General disclaimer: This repository was created for use by CDC programs to collaborate on public health related projects in support of the CDC mission. GitHub is not hosted by the CDC, but is a third party website used by CDC and its partners to share information and collaborate on software. CDC use of GitHub does not imply an endorsement of any one particular service, product, or enterprise.
Use of this service is limited only to non-sensitive and publicly available data. Users must not use, share, or store any kind of sensitive data like health status, provision or payment of healthcare, Personally Identifiable Information (PII) and/or Protected Health Information (PHI), etc. under ANY circumstance.
Administrators for this service reserve the right to moderate all information used, shared, or stored with this service at any time. Any user that cannot abide by this disclaimer and Code of Conduct may be subject to action, up to and including revoking access to services.

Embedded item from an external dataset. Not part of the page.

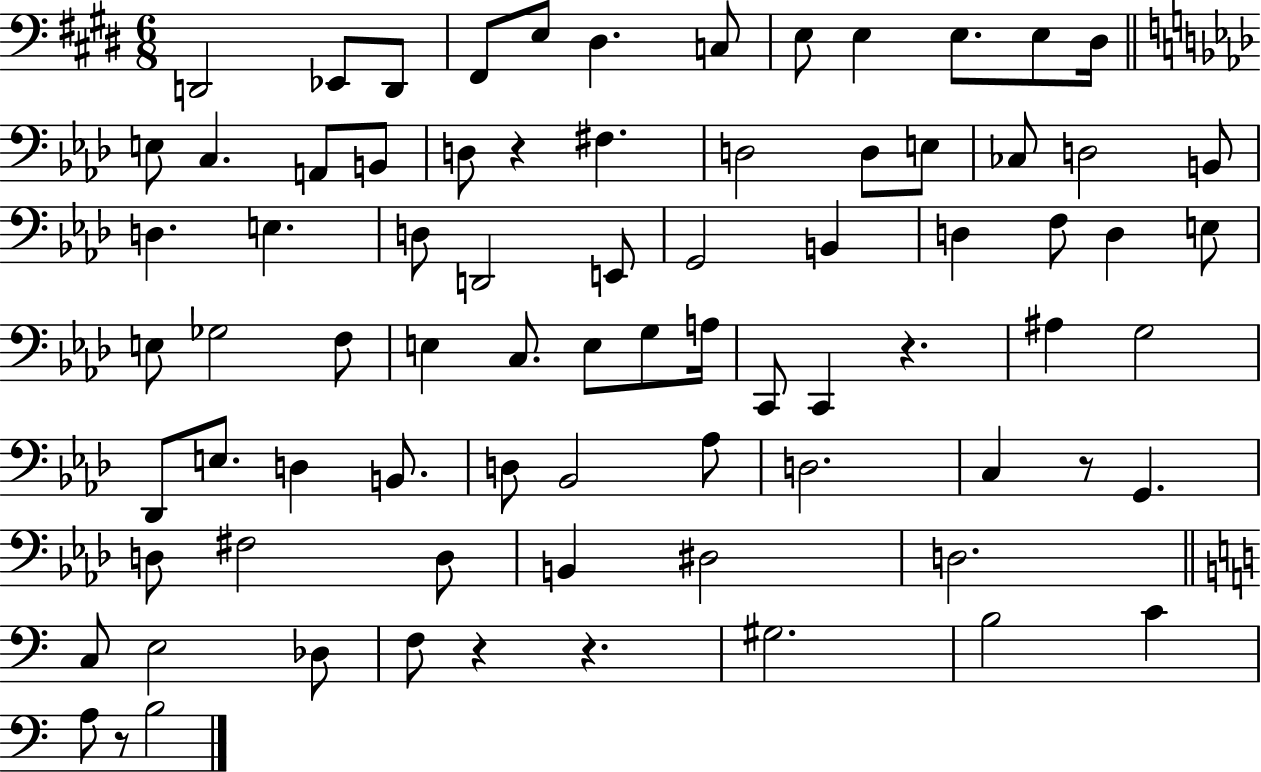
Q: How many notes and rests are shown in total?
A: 78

The material embodied in this software is provided to you "as-is" and without warranty of any kind, express, implied or otherwise, including without limitation, any warranty of fitness for a particular purpose. In no event shall the Centers for Disease Control and Prevention (CDC) or the United States (U.S.) government be liable to you or anyone else for any direct, special, incidental, indirect or consequential damages of any kind, or any damages whatsoever, including without limitation, loss of profit, loss of use, savings or revenue, or the claims of third parties, whether or not CDC or the U.S. government has been advised of the possibility of such loss, however caused and on any theory of liability, arising out of or in connection with the possession, use or performance of this software.
mira-nf/mira is a bioinformatics pipeline that assembles Influenza genomes, SARS-CoV-2 genomes, the SARS-CoV-2 spike-gene and RSV genomes when given the raw fastq files and a samplesheet. mira-nf/mira can analyze reads from both Illumina and OxFord Nanopore sequencing machines.

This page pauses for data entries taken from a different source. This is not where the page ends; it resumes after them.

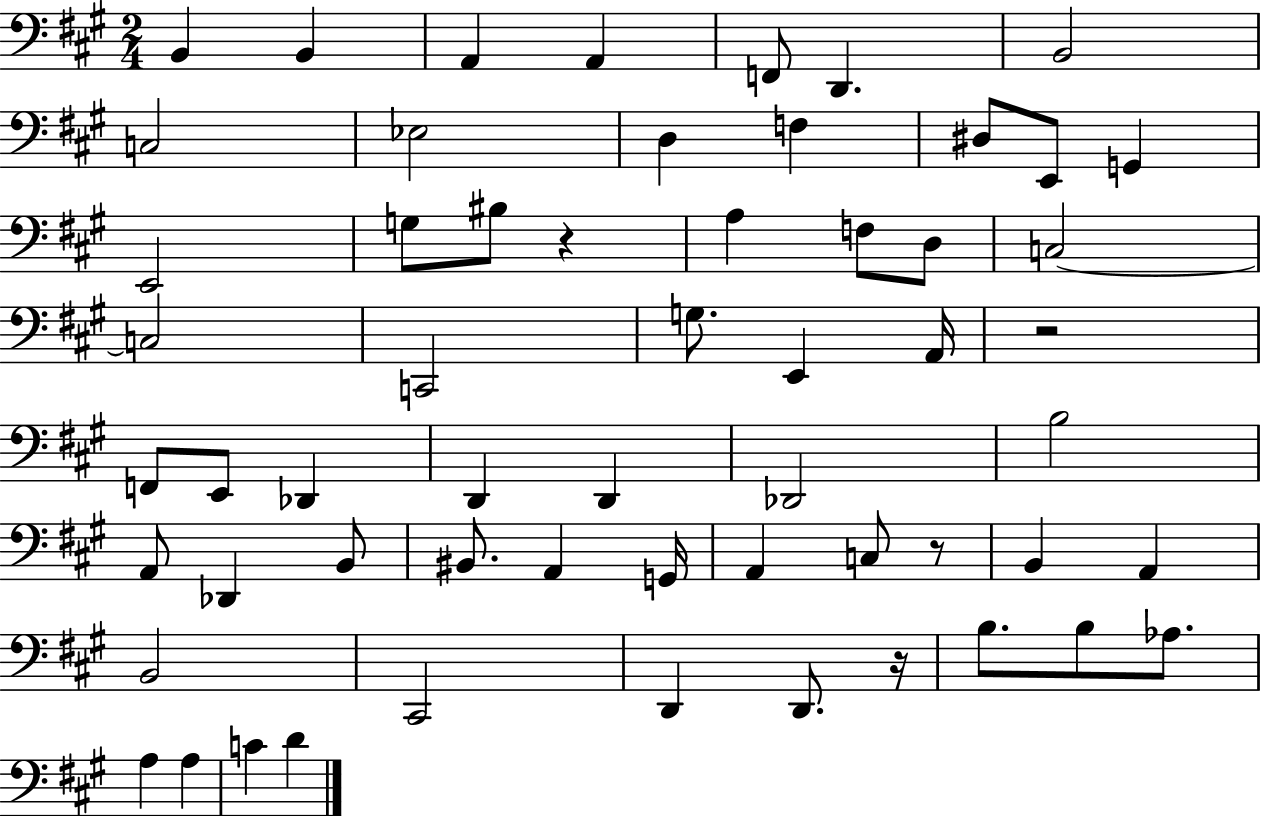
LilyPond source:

{
  \clef bass
  \numericTimeSignature
  \time 2/4
  \key a \major
  \repeat volta 2 { b,4 b,4 | a,4 a,4 | f,8 d,4. | b,2 | \break c2 | ees2 | d4 f4 | dis8 e,8 g,4 | \break e,2 | g8 bis8 r4 | a4 f8 d8 | c2~~ | \break c2 | c,2 | g8. e,4 a,16 | r2 | \break f,8 e,8 des,4 | d,4 d,4 | des,2 | b2 | \break a,8 des,4 b,8 | bis,8. a,4 g,16 | a,4 c8 r8 | b,4 a,4 | \break b,2 | cis,2 | d,4 d,8. r16 | b8. b8 aes8. | \break a4 a4 | c'4 d'4 | } \bar "|."
}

MIRA performs these steps for genome assembly and curation:
- Read QC (optional) (
FastQC
) - Present QC for raw reads (optional) (
MultiQC
) - Checking chemistry in fastq files (optional) (
python
) - Subsampling to faster analysis (optional) (
bbtools
) - Trimming and Quality Filtering (
bbduk
) - Adapter removal (
cutadapt
) - Genome Assembly (
IRMA
) - Annotation of assembly (
DAIS-ribosome
) - Collect results from IRMA and DAIS-Ribosome in json files
- Create html, excel files and amended consensus fasta files
- Reformat tables into parquet files and csv files
MIRA is able to analyze 7 data types:
- Flu-Illumina - Flu whole genome data created with an illumina machine
- Flu-ONT - Flu whole genome data created with an OxFord Nanopore machine
- SC2-Whole-Genome-Illumina - SARS-CoV-2 whole genome data created with an illumina machine
- SC2-Whole-Genome-ONT - SARS-CoV-2 whole genome data created with an OxFord Nanopore machine
- SC2-Spike-Only-ONT - SARS-CoV-2 spike protein data created with an OxFord Nanopore machine
- RSV-Illumina - RSV whole genome data created with an illumina machine
- RSV-ONT - RSV whole genome data created with an OxFord Nanopore machine
To run this pipeline you will need to have these programs installed:
- Nextflow - If you are new to Nextflow and nf-core, please refer to this page on how to set-up Nextflow.
- singularity-ce or docker - Information on how to install singularity-ce can be found here and information to install docker can be found here.
- git - Information about git installation can be found here.
Make sure to test your setup with -profile test,<singularity or docker>
to ensure that everything is installed properly before running the workflow on actual data. If you would like to further test the pipeline using our test data it can be downloaded from this link:
- Tiny test data from ONT Influenza genome and SARS-CoV-2-spike - 40Mb Download.
- Full test data set - the data set from above + full genomes of Influenza and SARS-CoV-2 from Illumina MiSeqs 1 Gb Download.
To run this pipeline with the MIRA setup:
First, prepare a samplesheet with your input data that looks as follows:
samplesheet.csv
:
Illumina data should be set up as follows:
Sample ID,Sample Type
sample_1,Test
sample_2,Test
sample_3,Test
sample_4,Test
Oxford Nanopore data should be set up as follows:
Barcode #,Sample ID,Sample Type
barcode07,s1,Test
barcode37,s2,Test
barcode41,s3,Test
Each row represents a sample.
Important things to note about samplesheet:
- Sample names within the "Sample ID" column need to be unique.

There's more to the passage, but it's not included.